In all honesty, the reading that helped the most (as others in the course have mentioned as well) was Scott Weingart’s article in The Journal of Digital Humanities, “Demystifying Networks, Part 1 & 2.” While he writes for an audience with no experience or knowledge of networks, I found Weingart’s warnings to be particularly interesting. He warns of two pitfalls:

  1. When you learn a new technique, very quickly everything looks like it can be solved with this new technique. “When you learn to use a hammer, everything looks like a nail.”
  2. Methodology appropriation is dangerous as every methodology comes with a list of caveats to the user. Furthermore, when lifting that methodology out of its field and placing it into your own, those caveats are easily overlooks, forgotten, or just ignored.

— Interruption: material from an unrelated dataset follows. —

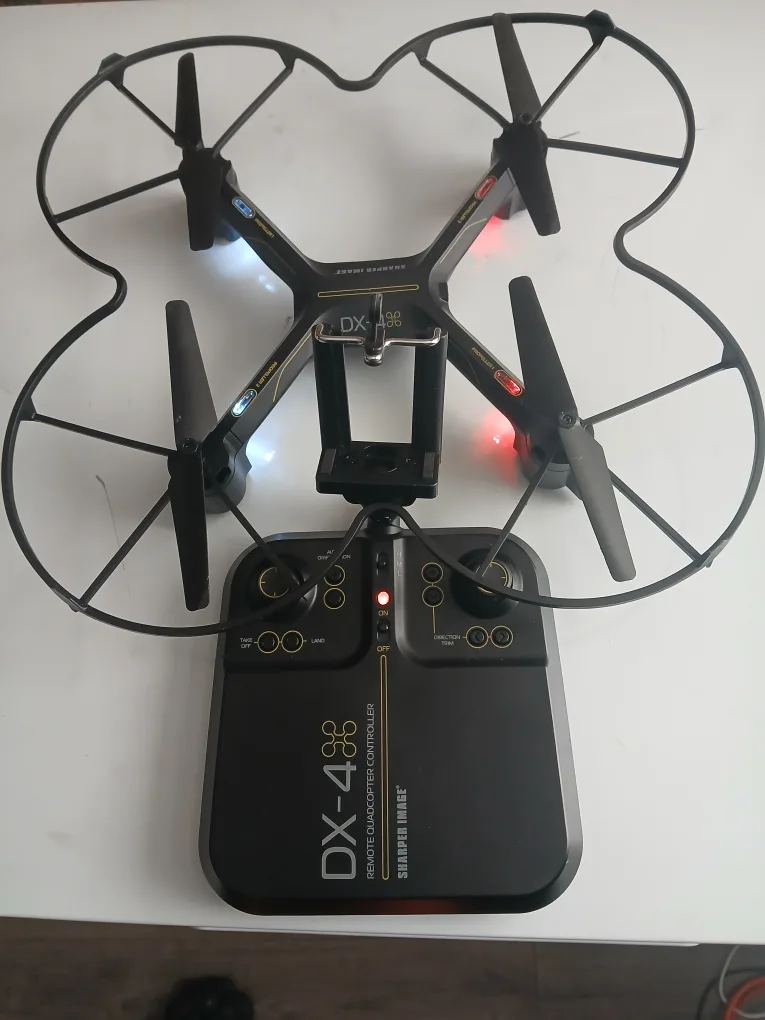 Drone with Controller and camera, like New image indicator(2)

I have noticed something of myself as we have started to work through the methodologies. I am particularly attuned or focused on finding the boundaries. Last week on text analysis, I was attuned to any mention of warnings or shortcomings of the methodologies int he reading. In addition, when we arrive at the mapping week (I am stoked for that week’s readings) I made sure to add Mark Monmonier’s How to Lie with Maps because I am well aware of the limits of that platform/methodology.

At any rate, Weingart’s second warning stuck with me throughout the rest of the readings. Methodologies appropriation is something that DH is particularly attune to while still overlooking it. This could lead into a discussion of the “black box” mentality of using tools to applying the wrong algorithm to the data set (Weingart’s explanation of applying a centrality analysis is particularly illustrative).

More importantly, and what I am still interested in delving into is the varying nature of data sets. Weingart notes that network analysis is not equipped to handle multi-modal analysis well. His article focuses around examples of single or bi-modal analysis. I am left wondering what is the recourse for historians whose data and sources are almost always heterogeneous? The article was published in 2011, 4 years ago, and perhaps network analysis has progressed to a point that multi-modal analyses can be dealt with much easier and with a greater degree of results.

Overall, what is the impact heterogeneous data has on using network analysis as a viable platform of research?